CFP 04.12.2016

REG/AC Journal, issue: Non-Textual Utopias

Eingabeschluss : 15.01.2017

Julia Ramírez Blanco, Universitat de Barcelona

REG | AC
JOURNAL OF GLOBAL STUDIES AND CONTEMPORARY ART, Vol. 4 (2016)

Open call for participation in the thematic issue:
NON-TEXTUAL UTOPIAS

Editor: Julia Ramírez Blanco
Universitat de Barcelona

Critical Cartography of Art and Visuality in the Global Part III R+D Project (I+D+I HAR 2016-75100-P). Art Globalization Interculturality R+D Project (AGI/ART: 2014SGR 1050)
PI: Dr. Anna María Guasch

The Journal of Global Studies and Contemporary Art is an indexed journal and an open access online publication, which aims to analyse visuality, contemporary artistic practices and cultural conflicts through a global perspective. REG | AC is associated with the research group Art Globalization Interculturality (AGI) of the Art History Department in the University of Barcelona. In the context of the 500 anniversary of Thomas More´s Utopia, the fourth issue of REG | AC will be dedicated to NON-TEXTUAL UTOPIAS.
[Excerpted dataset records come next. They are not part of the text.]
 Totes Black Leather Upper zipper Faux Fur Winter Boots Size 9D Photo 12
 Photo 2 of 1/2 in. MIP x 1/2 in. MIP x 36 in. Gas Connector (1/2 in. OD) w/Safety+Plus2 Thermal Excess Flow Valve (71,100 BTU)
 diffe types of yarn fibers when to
There is a long tradition of texts which address the subject of utopia through the literary genre which was initiated by Thomas More in 1516. However, for some time (at least since Karl Mannheim) utopian studies have included many other expressions of the social imagination, encompassing all forms of proposing profound social change, whose radical otherness becomes inconceivable or unrealisable from the ideological prejudices of the time in question. From that point of view, utopia can be seen more as a method than as a specific form (Ruth Levitas). For his part, Lyman Tower Sargent has spoken of the three faces of utopia: utopian literature, social theory, and utopian practice.
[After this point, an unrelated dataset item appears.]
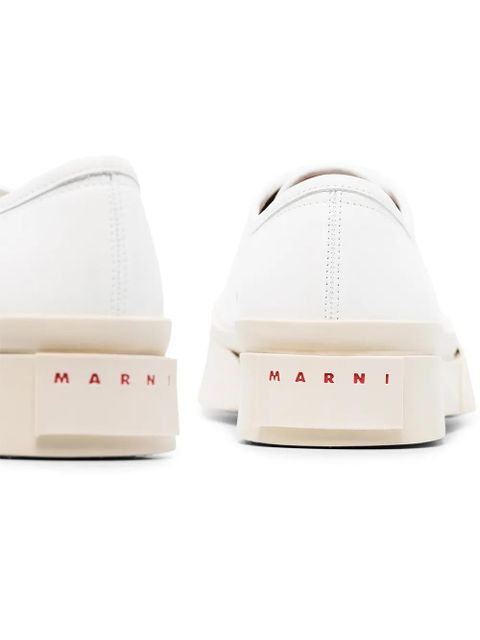 Marni Pablo leather lace-up sneakers - White - zdjęcie produktu nr 2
With his theorisation of the “principle of hope”, Ernst Bloch had already highlighted the role of art as a sphere of the creation of utopias. If the paintings of arcadias and paradises and the maps of ideal cities are an obvious manner of addressing the question, the matter becomes more complicated after the eighteenth century, when art starts to conceive of itself as an agent of social change, situated between the axes of representation and praxis.
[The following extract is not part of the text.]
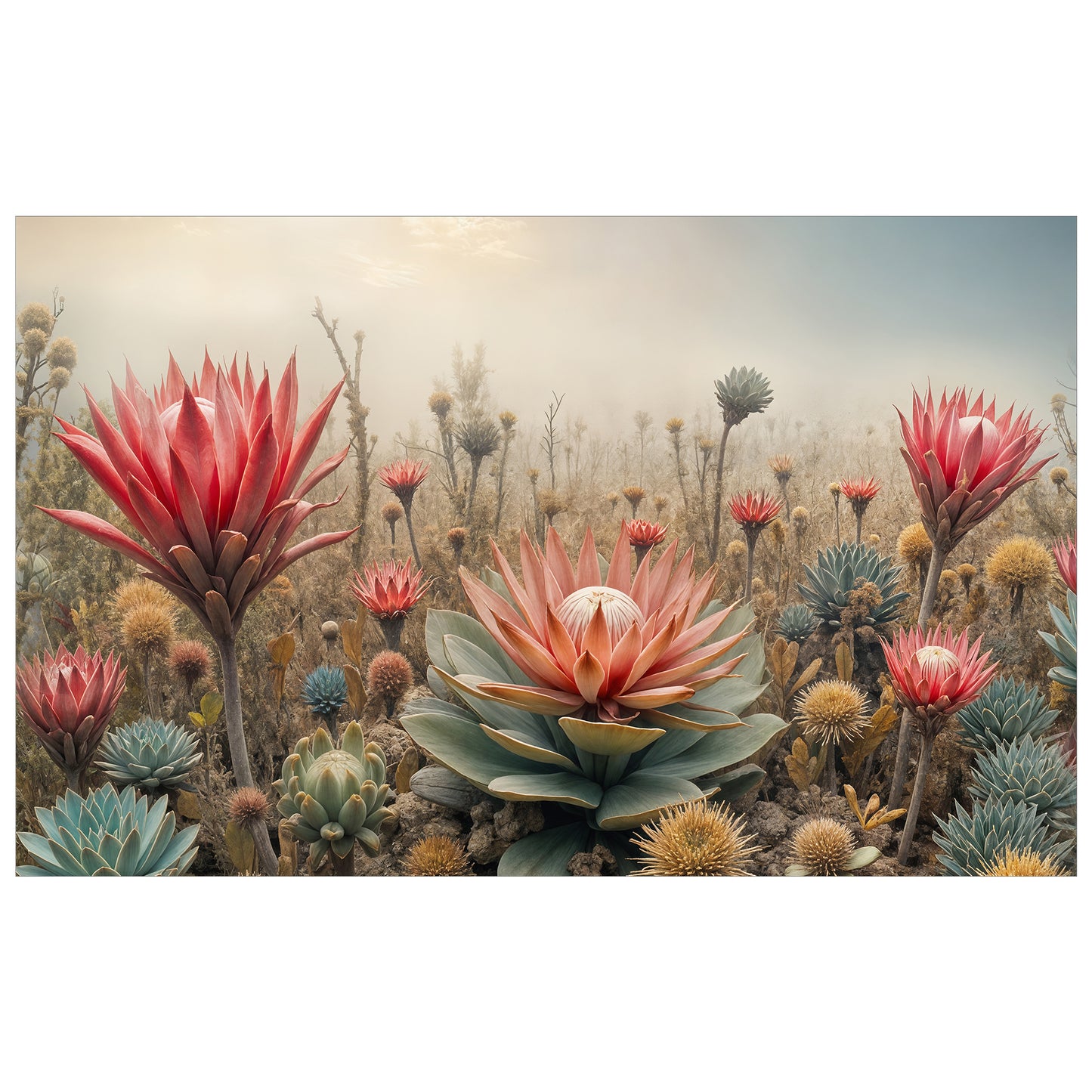 Protea Mirage Rectangle Tablecloth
Within the framework of the 500th anniversary of Thomas More’s Utopia, REG | AC journal dedicates a monographic edition to NON-TEXTUAL UTOPIAS, seeking to reflect on utopias that are not based on the written text. In this respect, our interest starts out from a reflection on artistic practices and the expression of the utopian within contemporary visual culture. However, understanding the symbolic as an expanded field that merges with the performative and the spatial, we also welcome contributions that consider the utopian dimensions of political and communitarian practices. Despite centring ourselves on a temporal framework of the period since the fall of the Berlin Wall, we are also interested in studies that approach the context of the twentieth century and the end of the nineteenth century. We seek texts, images, or artistic projects that deal with subjects such as:

- Utopia in art and architecture
- Utopian imagination based on the visual
- Iconographies of Utopia
- Art and communitarian practice
- Political imagination and utopia
- Contemporary communes
- Activism and utopia
- Non-Western utopias
- Filmic Utopias and science fiction
- Dimensions of possibility and impossibility within utopia
- The relationship between utopia and reality.

Author guidelines

REG/AC is an indexed journal, and thus the articles must be unpublished and written according APA citation guidelines (see: http://revistes.ub.edu/index.php/REGAC/about/submissions). Articles will be evaluated through peer review by two anonymous referees. The journal will be distributed under a Creative Commons license: this will enable the work to be shared with third parties by previously providing their acknowledgement of authorship, its initial publication in this journal, and its conditions of license.

The length of the articles must be between 20,000 and 40,000 characters (3000-6000 words), in addition to images if the author wishes to include them (in this case, the author will be responsible for asking permission to publish them, following the author guidelines about "Use of images": http://revistes.ub.edu/index.php/REGAC/about/submissions#authorGuideline).

Call instructions

To participate in the call, please send an email to info.regacgmail.com with the subject "REGAC UTOPIAS". Attached should be an abstract of your proposal in two documents (WORD and PDF) including: 1) Title, 2) A 1500 characters Abstract (250 words), 3) Keywords, 4) A brief CV of the author, specifying educational background, academic and professional activity, publications, and contact details. Considering the bilingual nature of REG|AC Journal, proposals are accepted both in English and Spanish.

The call for abstracts submission is open from December 1 to January 15 2017, both included. The Editorial Committee will conduct the evaluation and selection of articles, and authors will be notified of acceptance for the publication within 15 days from the abstract deadline. The reception period for the acceptance of selected articles will be open between January 15 and April 15, 2017.